In the next few shots, E, her son R, and The Little One are holding a saasaa. You might know it as a shekere, a gourd with beads woven around it, and theirs can really make a nice loud sound!    
    
    
 
In the next two shots, ‘Mother’ is on the left. She is the pastor and runs the orphanage. 

   
 
This is the view from the ‘front’ of the church:   

    
Mother told me that most of the children are orphans, but some also just live nearby, but their parents can’t afford to always feed them so they come to church and stay to eat as well. 

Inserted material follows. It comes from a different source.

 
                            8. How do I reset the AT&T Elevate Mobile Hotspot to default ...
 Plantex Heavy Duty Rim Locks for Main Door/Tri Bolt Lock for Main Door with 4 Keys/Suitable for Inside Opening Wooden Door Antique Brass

This is the seating for the adults, and at night they lay mattresses down in this room too to accommodate the 30+ kids that live there. 

 
The Big One looking in the bags we brought:

   
I am talking with Mother about getting some bible story pictures that we can add to the walls, since most of the children don’t know how to read. 

 
A few shots of the group before we leave:

   
    
 
Oh, what a sweet sweet baby!!!

   
 
Notice the headphones on the boy in the front? They aren’t connected to anything. I think he just thought he looked cooler with them on! 

   
    
Here’s a panorama view of both rooms from the entrance.

 
They have two chalkboards that they use for their bible lessons, and also their schooling. E told me that there’s no other school for them to attend, unless they paid to go to school.  I’ve heard that schooling costs about $300-400 a year. My guess is that this is for private schools, which I suppose are viewed better than the public ones, because all of my ‘research’ shows that education is free. And sadly, some of my research shows how poorly teachers are paid here too. They make around $160/month, which is less than the janitor staff at our school, not by too much, but seems roughly on par with several jobs around. However, the striking piece of information missing is that a member of the House of Representatives here make $5,000 a month!!! That means the teachers are making less than 3% of their salary! And to put things in perspective, the House Reps here make 34% of the monthly salary of a U.S. House Rep, whereas the teachers make a 1/2% (yes, .05%) of what a lower end teacher would make (32k). It’s no wonder students are taught by teachers who don’t have a higher education than those they teach, and take bribes in so many (sad) forms. So it’s no wonder that parents will pay so much for their children to attend good schools. But I digress… 

It was really great to know that I had found so many educational books, plus great non-fiction books at the book sale to share, and also the many classroom things that Dollar Tree always has!! I really hope this helps them blossom educationally!

This is the front of the church on our way out. 

  

    
    
And one last shot before we left. The lady in pink smiled the WHOLE time we were there. 🙂

 
So, if you were part of the giving, THANK YOU, THANK YOU, THANK YOU!!! You have made a difference to these children and church!